Pictures with short captions:
:::
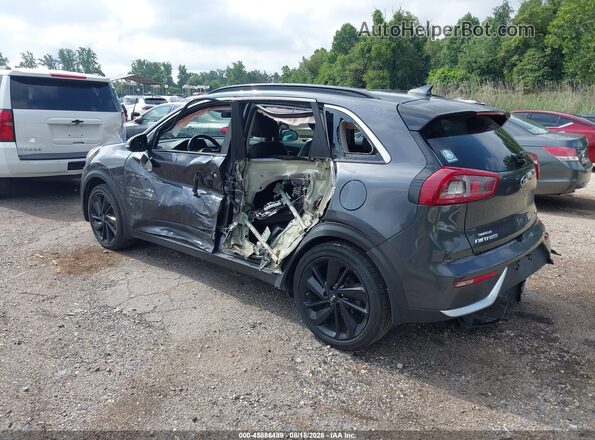 KNDCC3LC2J5138431 2018 KIA NIRO HYBRID Gray Задня ліва чверть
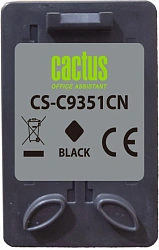 Картридж струйный Cactus CS-C9351N №21 черный (380стр.) (20мл) для HP D1468/D1520/D1420/D1560/D1530/D1341/D1320/D1312/D1455/D2330/D2430/D1430/D2460/D2445/D1360/D1460/D1415/D1568/D2345/D1445/D2320/D1330;OfficeJet J3635/J3625/J3608/ J3640/4315xi, FAX 1250,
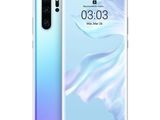 vue de face et de dos d'un Samsung Note 10 Lite blanc et bleu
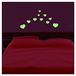 Lichtgevende Ambiance Sticker S fosforescerende harten – 55 x 70 cm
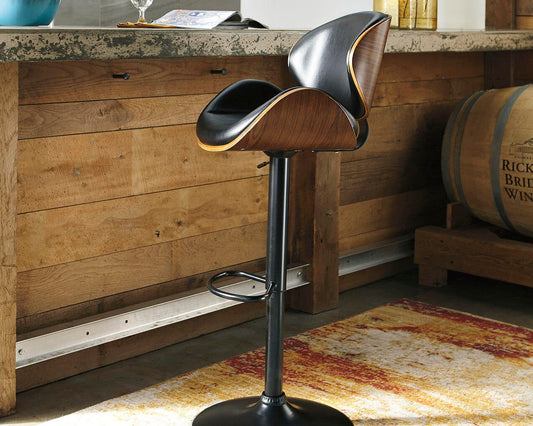Signature Design by Ashley Bellatier Tall UPH Swivel Barstool - Vaughn Outlet Kankakee IL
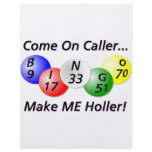 Bingo! Come on Caller, Make ME Holler! Personalized Flyer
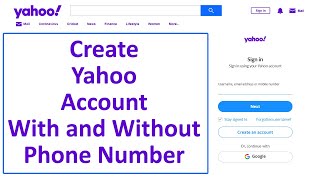 Create Yahoo account WITH & WITHOUT Phone number in 2021| Create Yahoo account without Phone Number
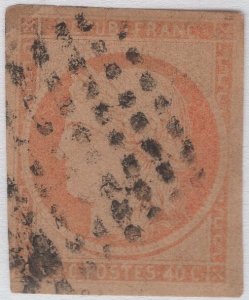 French Colonies 1871-72 used Sc 14 40c Ceres (I)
:::
■ **Your goal**
In the records above, find the line containing "vue de face" and output every line from the first through that one, exactly, omitting pictures.

■ **Answer**
 KNDCC3LC2J5138431 2018 KIA NIRO HYBRID Gray Задня ліва чверть
 Картридж струйный Cactus CS-C9351N №21 черный (380стр.) (20мл) для HP D1468/D1520/D1420/D1560/D1530/D1341/D1320/D1312/D1455/D2330/D2430/D1430/D2460/D2445/D1360/D1460/D1415/D1568/D2345/D1445/D2320/D1330;OfficeJet J3635/J3625/J3608/ J3640/4315xi, FAX 1250,
 vue de face et de dos d'un Samsung Note 10 Lite blanc et bleu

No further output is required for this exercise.